## Problem
With every picture left out, give the data below back exactly.

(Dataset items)
---
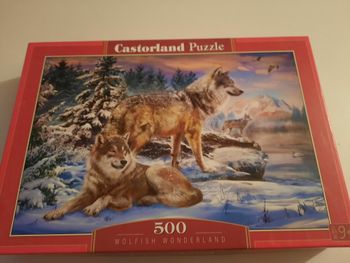 Puzzle loup 500 pièces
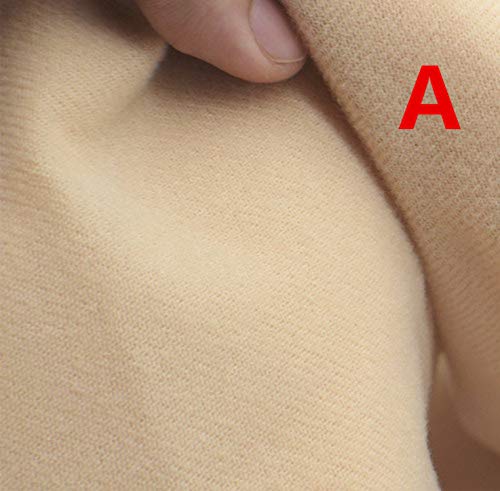 Tessuto color carne per pelle di bambole di pezza fai da te, in fibra ad alta densità, per cucire patchwork fatto a mano, 50 x 145 cm, A, taglia unica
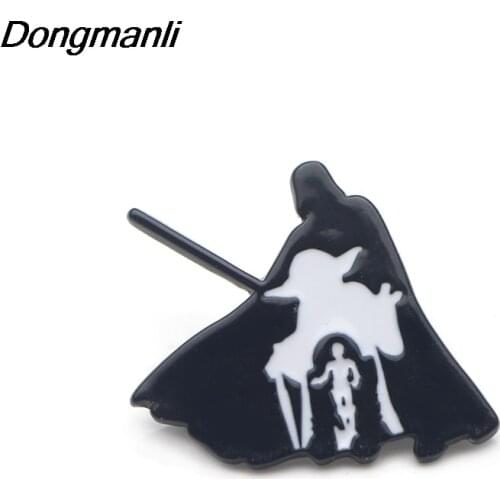 P3414 Dongmanli Cool Metal Enamel Pins and Brooches for Women Men Lapel Pin Backpack Bags Badge Kids Gifts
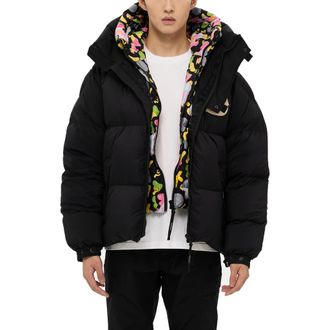 AlphaStyle Doodle Camo Kudu [Limted Edition] in Black at Nordstrom, Size Xx-Large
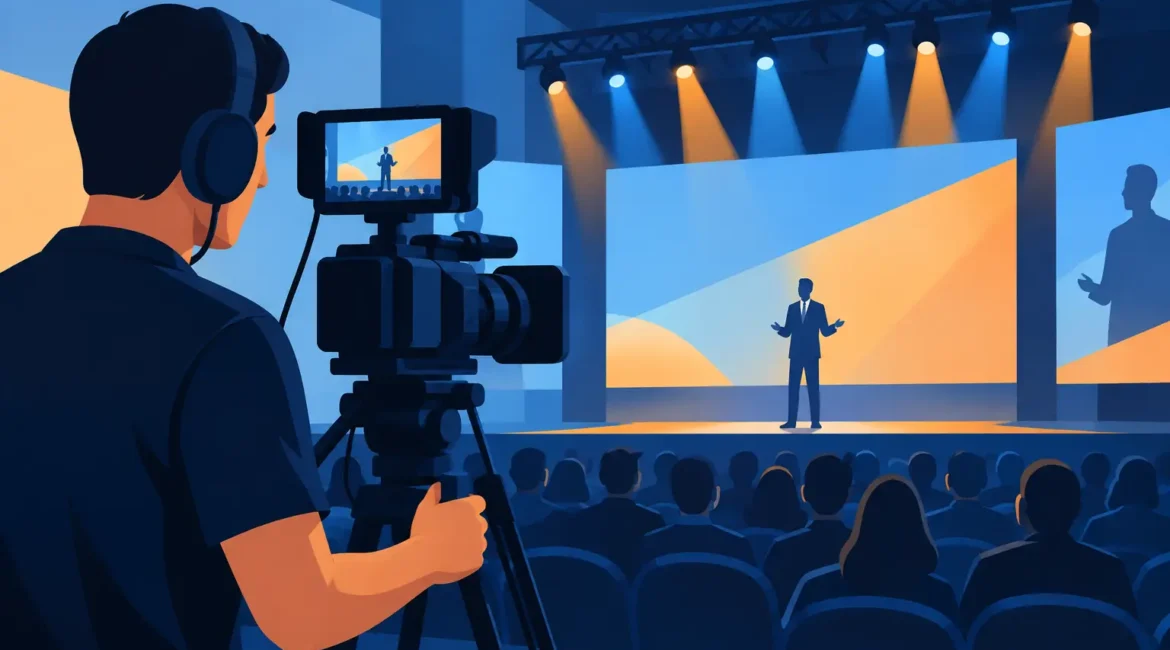 Produção audiovisual para eventos de alto impacto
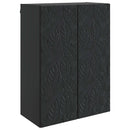 vidaXL Fali szekrény Fekete 66 x 34,5 x 90 cm Szerelt Fa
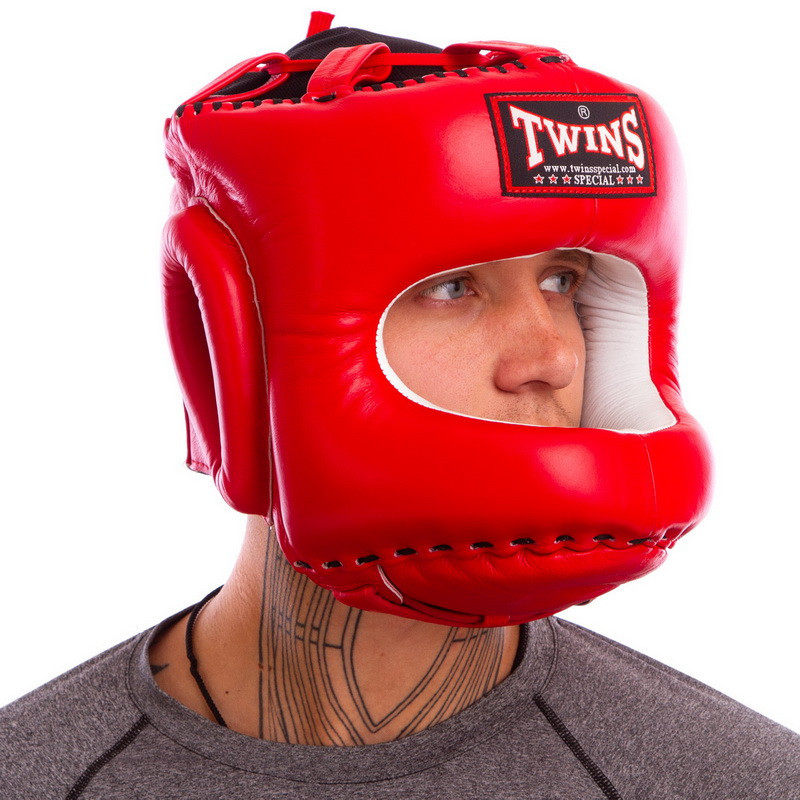 Шлем боксерский с бампером кожаный TWINS-HGL10 M-XL Шлемы для бокса и единоборств Киев - изображение 9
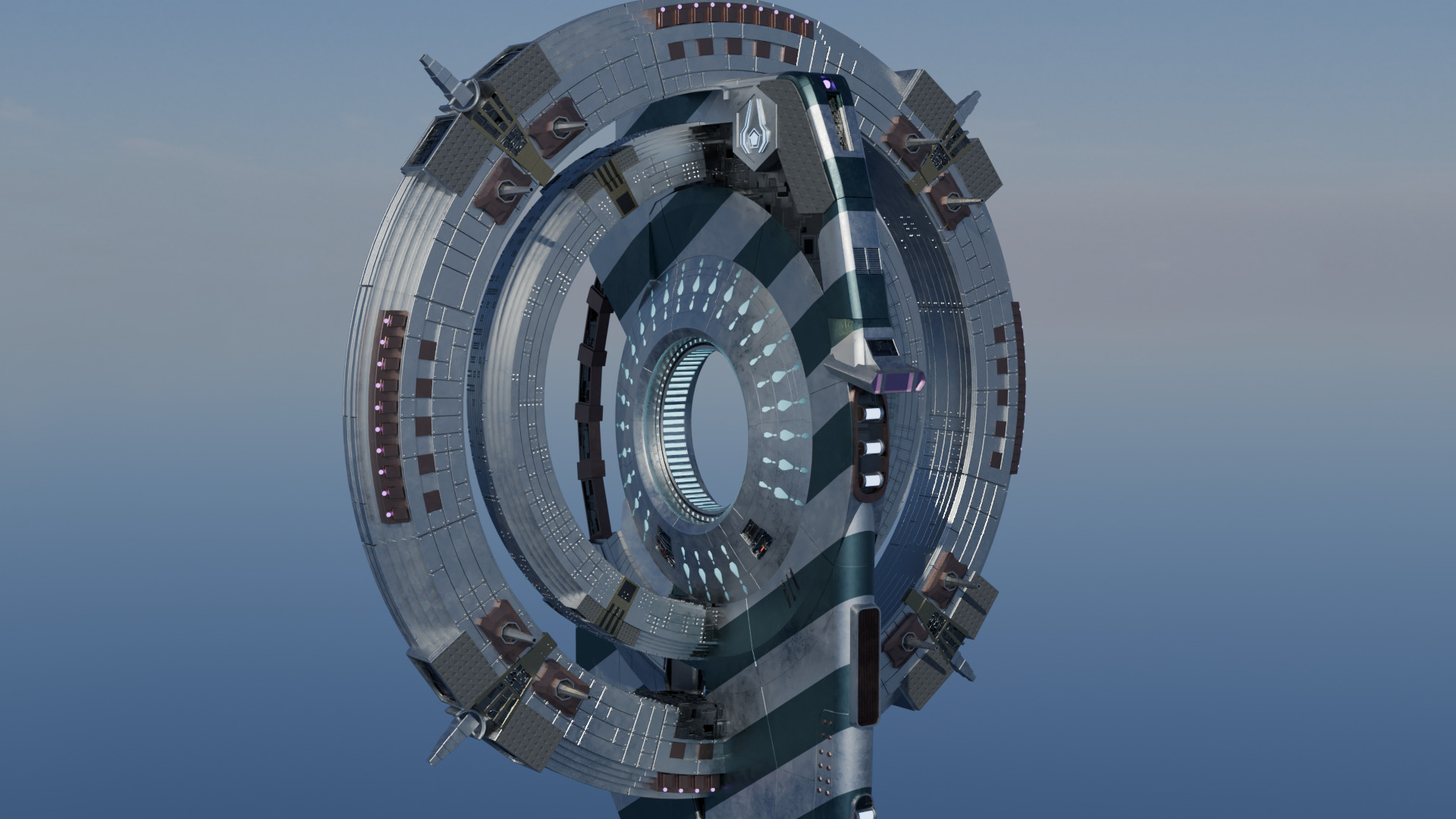 Imperial Spacecraft from foundation series 3D model_2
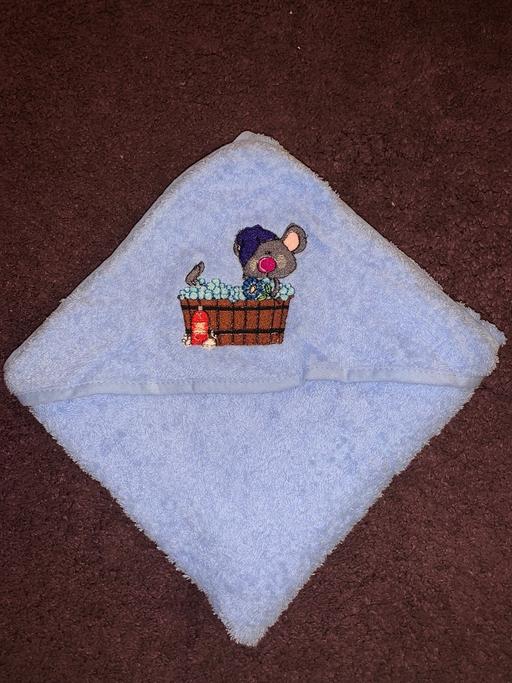 Buy & Sell County Durham Stockton-on-Tees - Photos for Blue hooded baby towel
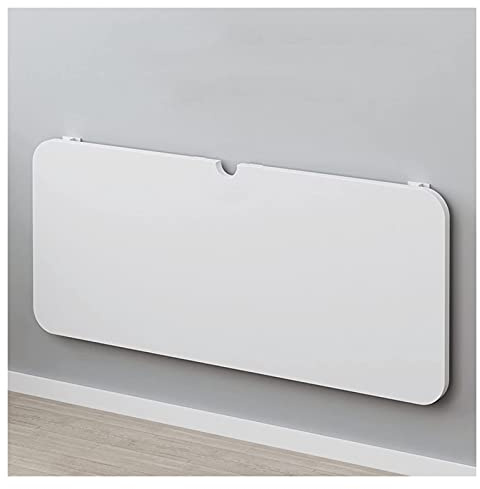 erkebspm Klappbarer Wandtisch zum Aufhängen an der Wand, geeignet für Waschküche, Familienbar, Küche, Esszimmer, 18 Größen (Farbe: Weiß, Größe: 120 x 40 cm) (weiß 60 x 40 cm)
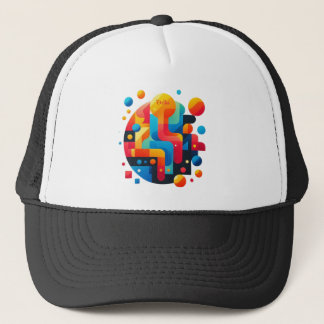 Abstracte puzzel trucker pet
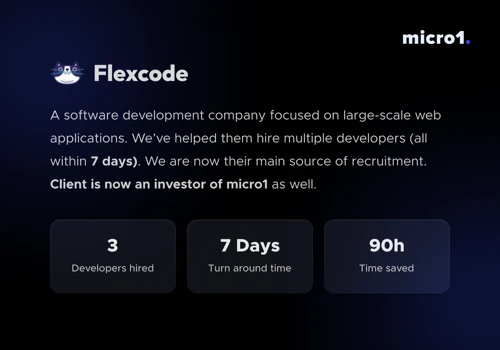Hired React.js expert, a PO and more.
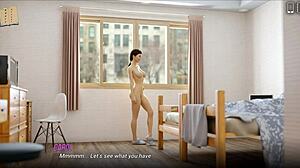 Hot Brunette Spends Intense Night With Big Cock At University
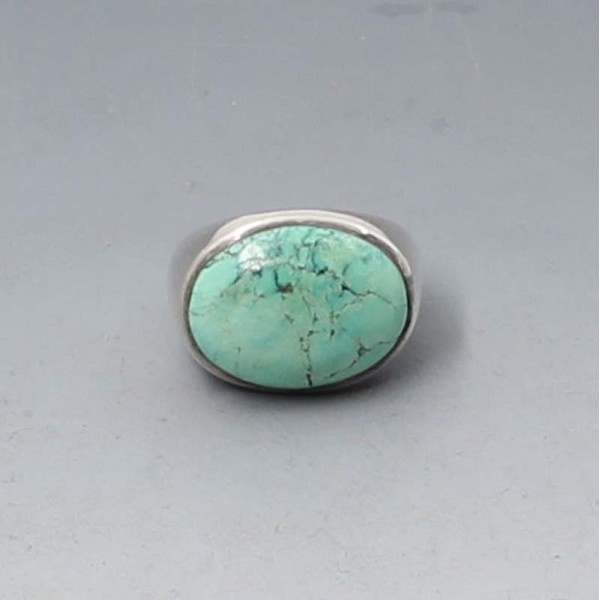 Mexican Larimar and Silver Ring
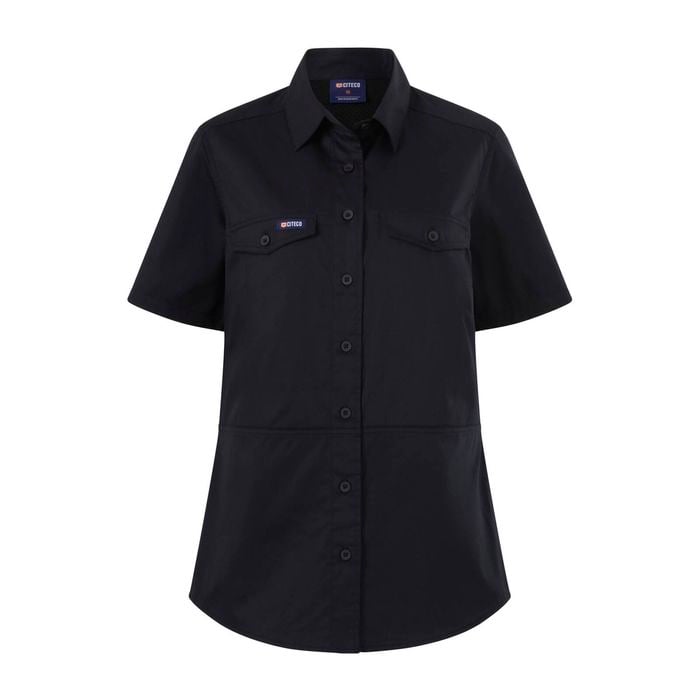 Citeco Womens Black Short Sleeve Shirt - Size 14
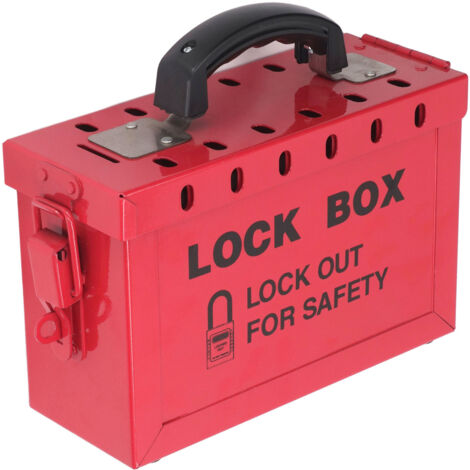 Boîte de verrouillage de sécurité portable, boîte de verrouillage de groupe de verrouillage de calibre 13 pour groupe de conformité OSHA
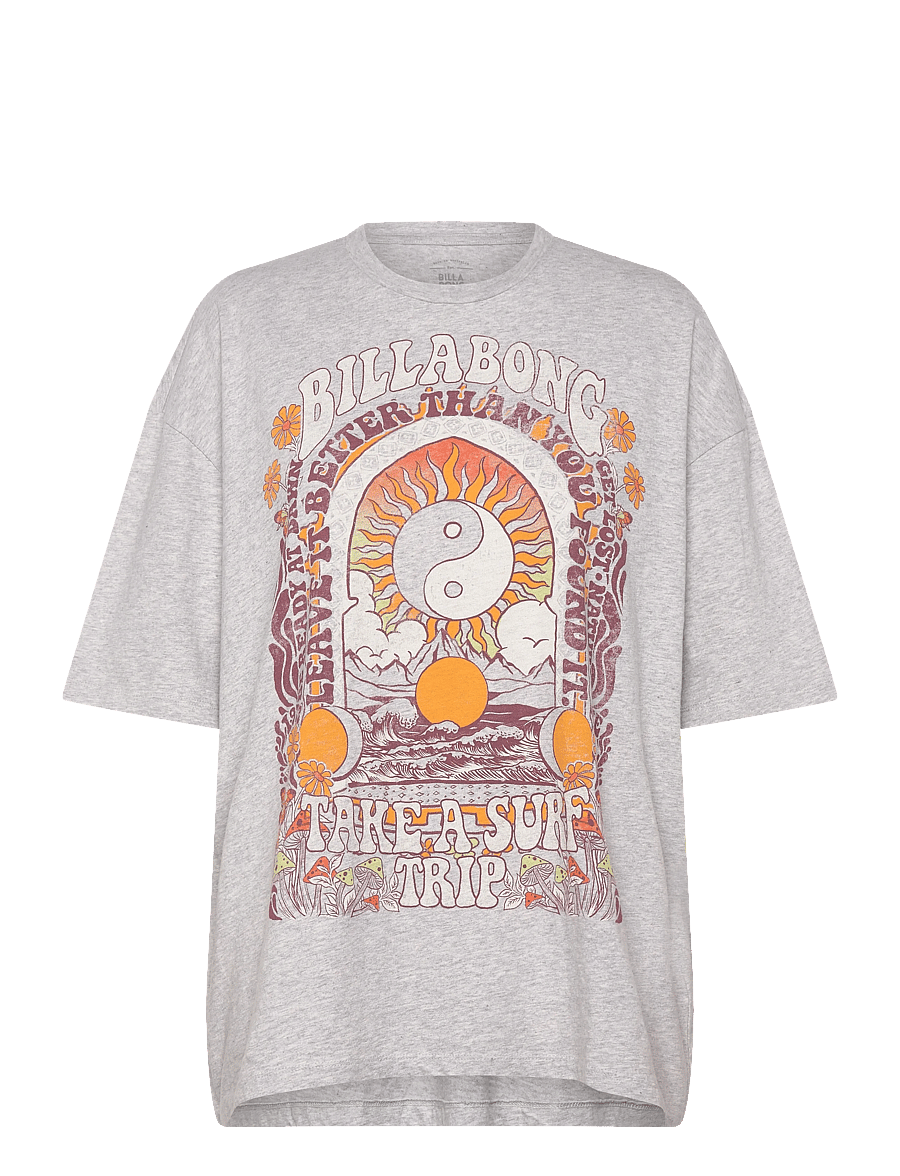 Billabong - SURF TRIP - t-shirts - grey heather - 1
---
## Worked solution
 Puzzle loup 500 pièces
 Tessuto color carne per pelle di bambole di pezza fai da te, in fibra ad alta densità, per cucire patchwork fatto a mano, 50 x 145 cm, A, taglia unica
 P3414 Dongmanli Cool Metal Enamel Pins and Brooches for Women Men Lapel Pin Backpack Bags Badge Kids Gifts
 AlphaStyle Doodle Camo Kudu [Limted Edition] in Black at Nordstrom, Size Xx-Large
 Produção audiovisual para eventos de alto impacto
 vidaXL Fali szekrény Fekete 66 x 34,5 x 90 cm Szerelt Fa
 Шлем боксерский с бампером кожаный TWINS-HGL10 M-XL Шлемы для бокса и единоборств Киев - изображение 9
 Imperial Spacecraft from foundation series 3D model_2
 Buy & Sell County Durham Stockton-on-Tees - Photos for Blue hooded baby towel
 erkebspm Klappbarer Wandtisch zum Aufhängen an der Wand, geeignet für Waschküche, Familienbar, Küche, Esszimmer, 18 Größen (Farbe: Weiß, Größe: 120 x 40 cm) (weiß 60 x 40 cm)
 Abstracte puzzel trucker pet
Hired React.js expert, a PO and more.
 Hot Brunette Spends Intense Night With Big Cock At University
 Mexican Larimar and Silver Ring
 Citeco Womens Black Short Sleeve Shirt - Size 14
 Boîte de verrouillage de sécurité portable, boîte de verrouillage de groupe de verrouillage de calibre 13 pour groupe de conformité OSHA
 Billabong - SURF TRIP - t-shirts - grey heather - 1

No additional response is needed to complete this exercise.